MATERIAL TO PROCESS section start

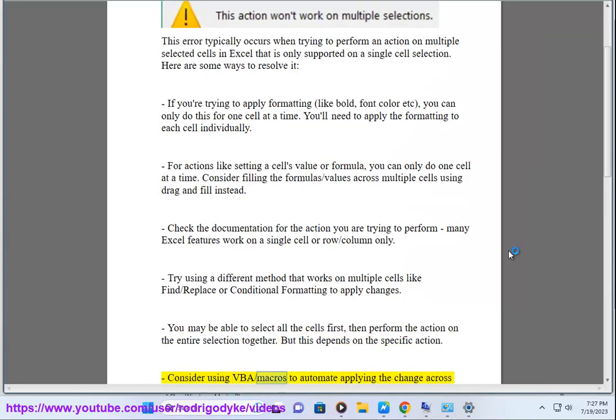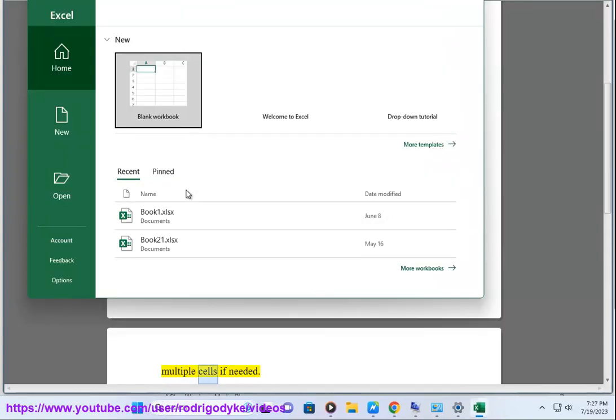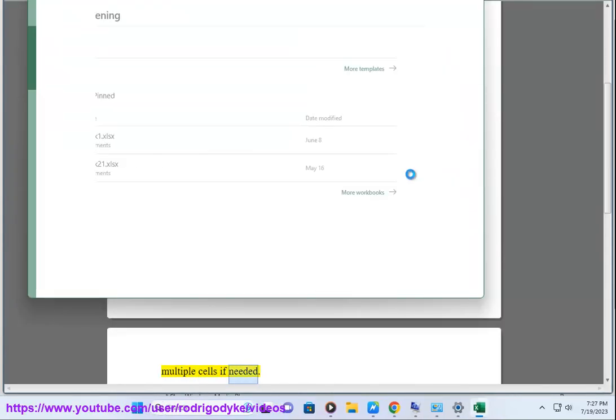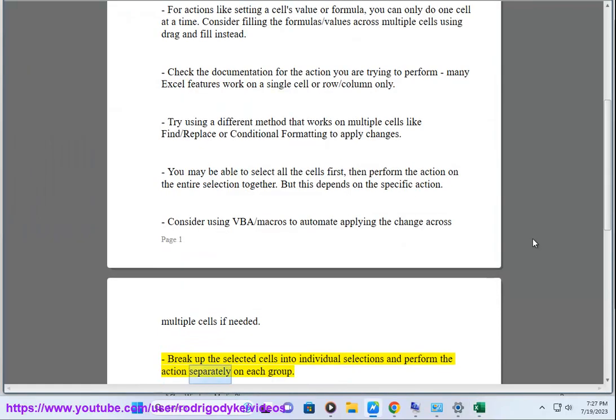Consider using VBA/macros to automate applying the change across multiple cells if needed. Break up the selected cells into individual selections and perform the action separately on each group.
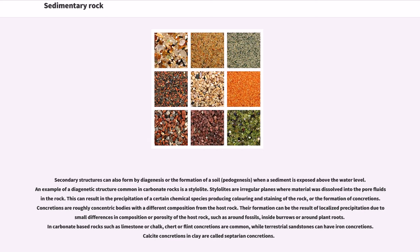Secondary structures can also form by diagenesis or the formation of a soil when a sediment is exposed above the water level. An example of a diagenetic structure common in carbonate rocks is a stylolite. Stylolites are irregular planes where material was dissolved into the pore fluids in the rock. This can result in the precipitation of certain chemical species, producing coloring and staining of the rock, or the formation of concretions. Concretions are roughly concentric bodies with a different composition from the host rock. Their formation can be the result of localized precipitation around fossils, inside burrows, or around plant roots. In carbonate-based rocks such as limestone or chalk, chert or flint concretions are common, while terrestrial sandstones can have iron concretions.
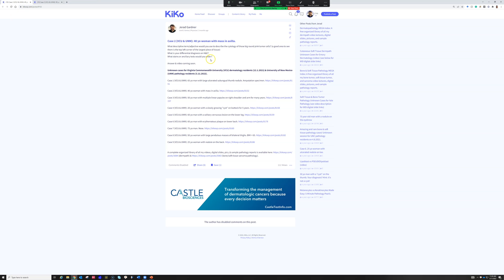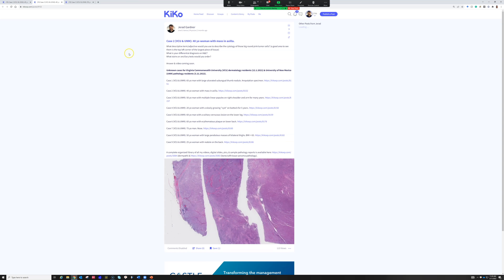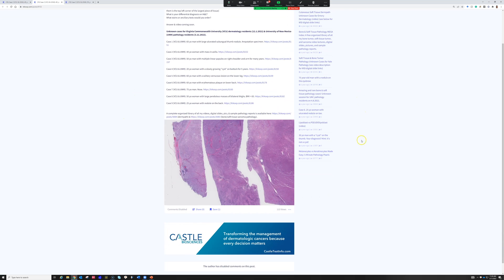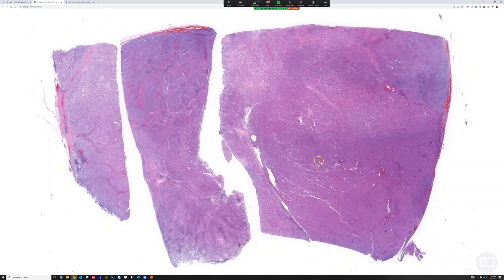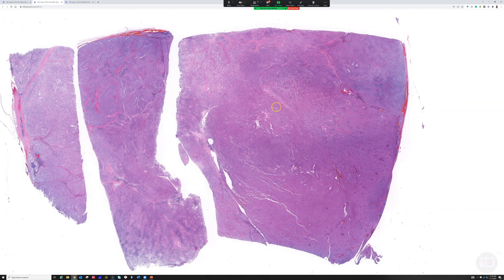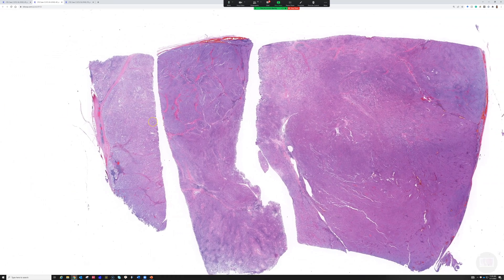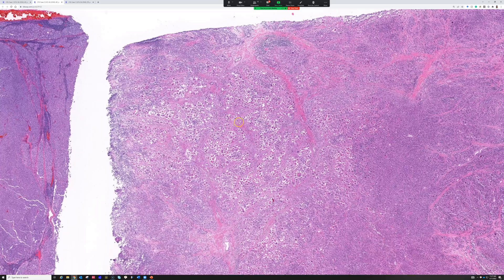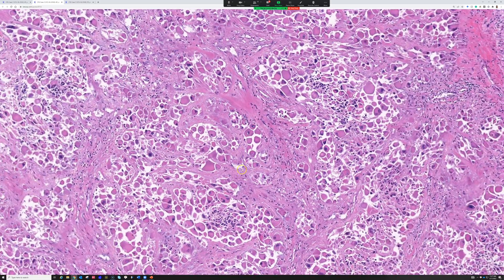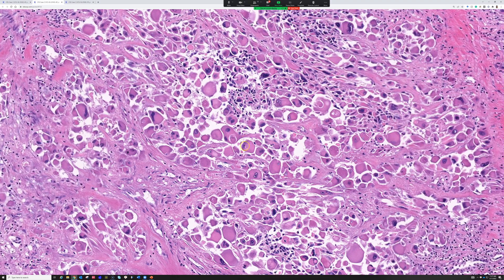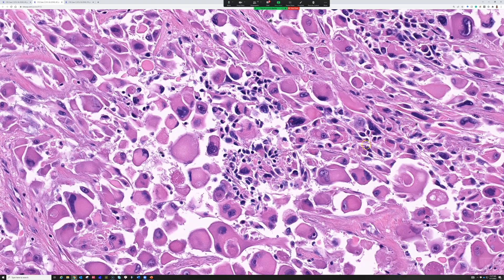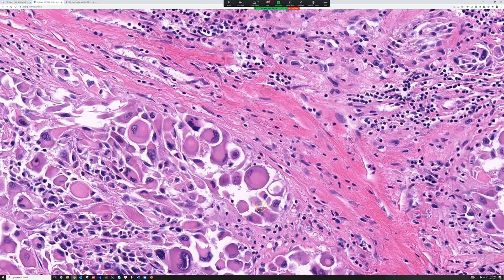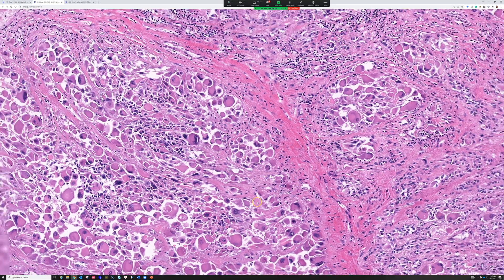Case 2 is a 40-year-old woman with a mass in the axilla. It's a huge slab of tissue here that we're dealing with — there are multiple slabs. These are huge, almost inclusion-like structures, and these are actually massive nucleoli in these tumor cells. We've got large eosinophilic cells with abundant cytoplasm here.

MATERIAL TO PROCESS section end
MATERIAL TO PROCESS section start

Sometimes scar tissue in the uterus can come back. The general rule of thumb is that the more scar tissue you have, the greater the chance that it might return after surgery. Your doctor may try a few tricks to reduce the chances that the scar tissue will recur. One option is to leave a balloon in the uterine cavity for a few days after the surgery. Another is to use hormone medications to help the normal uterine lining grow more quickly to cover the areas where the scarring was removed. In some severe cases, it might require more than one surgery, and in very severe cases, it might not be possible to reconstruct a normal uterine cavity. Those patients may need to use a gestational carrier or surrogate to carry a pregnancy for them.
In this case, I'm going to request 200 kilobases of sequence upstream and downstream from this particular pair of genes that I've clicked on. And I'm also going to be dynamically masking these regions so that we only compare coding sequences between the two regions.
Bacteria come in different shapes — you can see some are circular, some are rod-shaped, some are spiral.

MATERIAL TO PROCESS section end

→ TO DO: Pictures aside, return exactly the lines from the data above, starting at the line that has "Secondary structures can" and ending at the line that has "Case 2 is a", both included.

→ ANSWER TO THIS EXERCISE:
Secondary structures can also form by diagenesis or the formation of a soil when a sediment is exposed above the water level. An example of a diagenetic structure common in carbonate rocks is a stylolite. Stylolites are irregular planes where material was dissolved into the pore fluids in the rock. This can result in the precipitation of certain chemical species, producing coloring and staining of the rock, or the formation of concretions. Concretions are roughly concentric bodies with a different composition from the host rock. Their formation can be the result of localized precipitation around fossils, inside burrows, or around plant roots. In carbonate-based rocks such as limestone or chalk, chert or flint concretions are common, while terrestrial sandstones can have iron concretions.
Case 2 is a 40-year-old woman with a mass in the axilla. It's a huge slab of tissue here that we're dealing with — there are multiple slabs. These are huge, almost inclusion-like structures, and these are actually massive nucleoli in these tumor cells. We've got large eosinophilic cells with abundant cytoplasm here.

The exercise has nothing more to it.